Oklahoma scheduled strongly with nonconference games against Ohio State and Houston, but the Sooners lost both of those games somewhat convincingly. And Oklahoma State lost to Central Michigan on this game-winning, lateraled Hail Mary touchdown.
It’s the worst loss of any team close to the playoff. At 6–6, the Chippewas will go to a bowl game, but they finished with the third-best record of directional Michigan schools.
Except, it shouldn’t have been a loss. And I don’t mean this hypothetically. I mean that if the rules of football had been properly applied, Oklahoma State would have beaten Central Michigan. The clock expired with the Cowboys winning 27–24, but the officials incorrectly gave the Chippewas an additional untimed down, and Central Michigan made a miracle happen. Within hours of the finish, both the Big 12 and MAC issued statements that the officiating crews had erred, but declined to change the result of the game.

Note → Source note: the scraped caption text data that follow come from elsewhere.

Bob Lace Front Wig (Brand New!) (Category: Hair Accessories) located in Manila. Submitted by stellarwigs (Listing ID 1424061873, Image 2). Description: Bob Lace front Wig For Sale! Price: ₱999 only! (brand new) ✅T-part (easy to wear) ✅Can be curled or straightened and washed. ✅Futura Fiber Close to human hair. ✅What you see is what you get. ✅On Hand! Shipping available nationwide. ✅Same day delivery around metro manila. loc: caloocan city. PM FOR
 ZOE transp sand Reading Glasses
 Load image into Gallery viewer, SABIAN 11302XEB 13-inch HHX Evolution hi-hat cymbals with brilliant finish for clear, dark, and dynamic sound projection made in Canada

With a few ticks left, the Cowboys tried to end the game by having QB Mason Rudolph drop back on fourth down, hang around for a few seconds, and then chuck the ball high enough that it would land with the clock at zeroes. He did, and the referees accurately flagged him for intentional grounding.
A game typically can’t end on a foul, so the refs added an untimed down. And since the play was fourth down and the penalty for intentional grounding features a loss of down, they figured the untimed down should go to the Chippewas. But the rule book has a clause to avoid this exact scenario: It specifically states that an untimed down should not be added when game-ending penalties have a loss of down. I don’t know why the rule book has that clause — it allows teams to shave time off the ends of halves by committing intentional grounding, and that goes against the idea that teams shouldn’t intentionally break rules for a competitive advantage — but it does. And the refs plain forgot.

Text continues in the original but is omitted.